299x299 image size yield better results. This criteria is applied to all further models.

Comparing Resizing Methods

Training Technique	Resnet 50	Resnet 101	Resnet 152
Resizing Method - Zero Padding	86.0	-	-
Resizing Method - Crop	86.6	-	-
Resizing Method - Squishing	88.0	-	-

Squishing image yield better results. This criteria is applied to all further models.

Using training set with cropped Bounding Box provided

Training Technique	Resnet 50	Resnet 101	Resnet 152
Without Bounding Box	88.0	90.3	90.7
With Bounding Box	70.3	71.7	71.9

Training Set without bounding box yield better results. This criteria is applied to all further models.

Using Mix Up on training data

Training Technique	Resnet 50	Resnet 101	Resnet 152
Without Mix Up	88.0	90.3	90.7
With Mix Up	89.3	90.9	92.53

Other Performance Metrics

Training done on Google Cloud Platform Deep Learning VM with GPU 16GB NVIDIA Tesla T4, with batch size of 16.

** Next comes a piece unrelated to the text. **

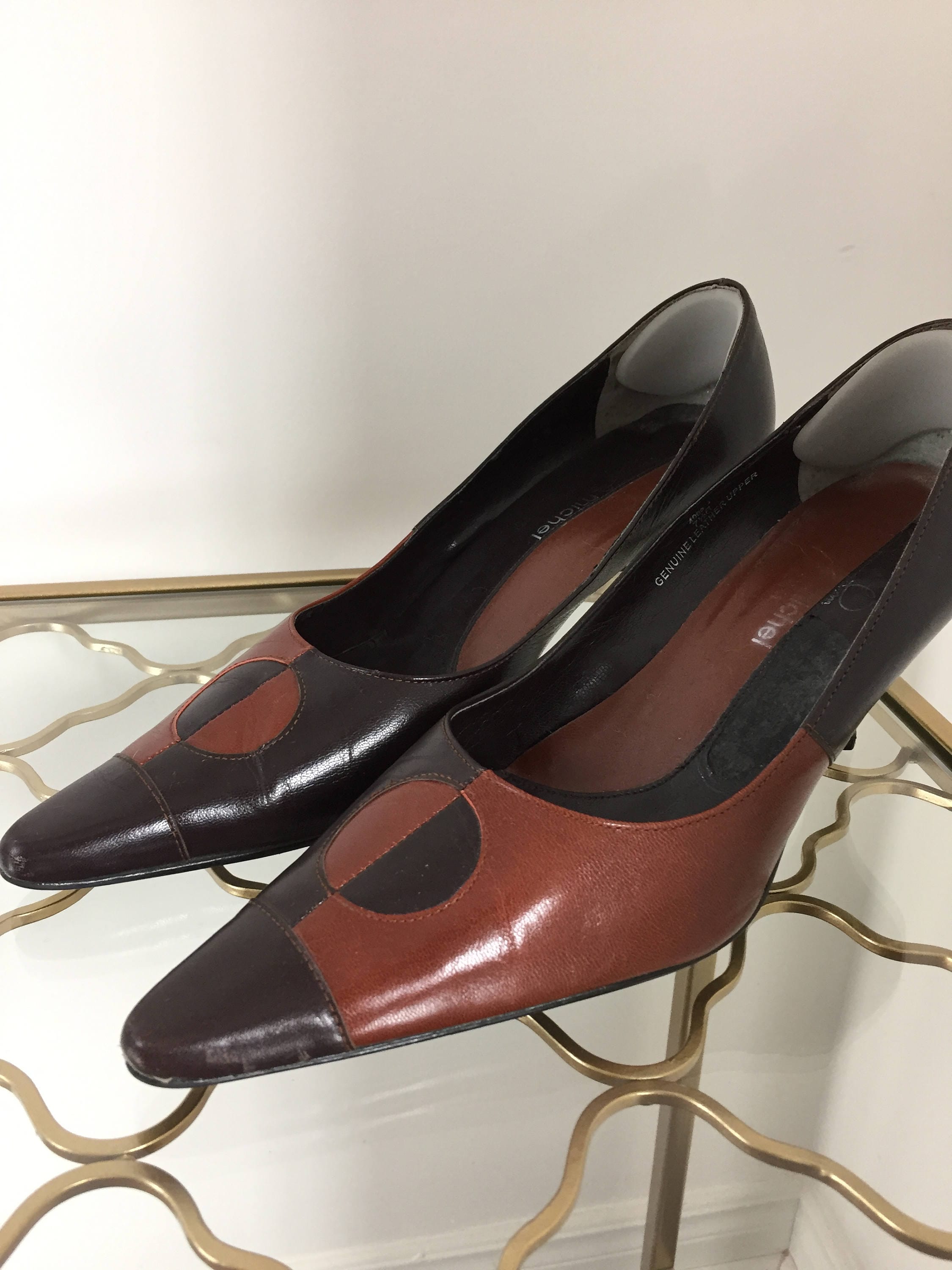Vintage Shoes 1980s Pointy Toe Pumps Two Tone Patchwork Leather High Heel Shoes Mod Preppy Corpcore Shoes - Size 7.5 B US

	Resnet 50	Resnet 101	Resnet 152
Training Time per epoch	3:30 minutes	4:10 minutes	5:40 minutes

Discussion

I chose ResNet as the model architecture because it has achieved State-of-the-Art results for many fine-grained image classification problems since 2015. Recent breakthrough in fine-grained image classification such as arXiv:1901.09891v2 and arXiv:1712.01034v2 suggests modification in data augmentation and normalization layers, were built on top of ResNet to obtain the best results.
ResNet-152 provides the best accuracy (2-3% increase) over ResNet-50 in the expense of increased training time ( 2 minutes/epoch increase).
Several Transfer Learning steps are used to achieve the best performing model (in order) :

Transfer Learning from model trained with ImageNet images to Mixed-Up Stanford Car's dataset.
Transfer Learning from model trained with Mixed-Up Stanford Car's dataset to vanilla Stanford Car's dataset.

Training data are augmented with several transformations to improve variety of the dataset. This helps model to generalize better. Details of data augmentation are explained in the Stanford Car Model Training.ipynb notebook.
Images with higher resolution train better model. However that comes with the expense of training time. Due to time constraint I am not able to train images with higher resolution than 299x299.
Training with images squished to target resolution train better model. Automatic cropping risks deleting important features that are out of the cropping boundary. Padding introduce artefacts that lowers the training accuracy. Squished Image preserve most features, except in the scenario where the model/make of a car is mostly determined by the width:height ratio (aspect ratio) of a car.
Instead of using squared Image, I have experimented on resizing the dataset to rectangular image with 16:9 and 4:3 aspect ratios. The aim is to preserve features that is determined by the aspect ratio of a car. It shows a slight increase in accuracy (0.3%). However, this is only achievable because of the dataset provided are mostly in landscape.
Considering most Grab users are mobile, images taken are usually in portrait. Resizing a portrait image to landscape will severely distort the features of a car. Therefore, I have decided not to select a "rectangular" model as our final model.
Training with images cropped with bounding box produces significantly worse results. The model trained was not able to distinguish the noise in the background and the car in the foreground well enough in the test dataset.
Augmenting data with mixup yields over 2-3% increase of accuracy.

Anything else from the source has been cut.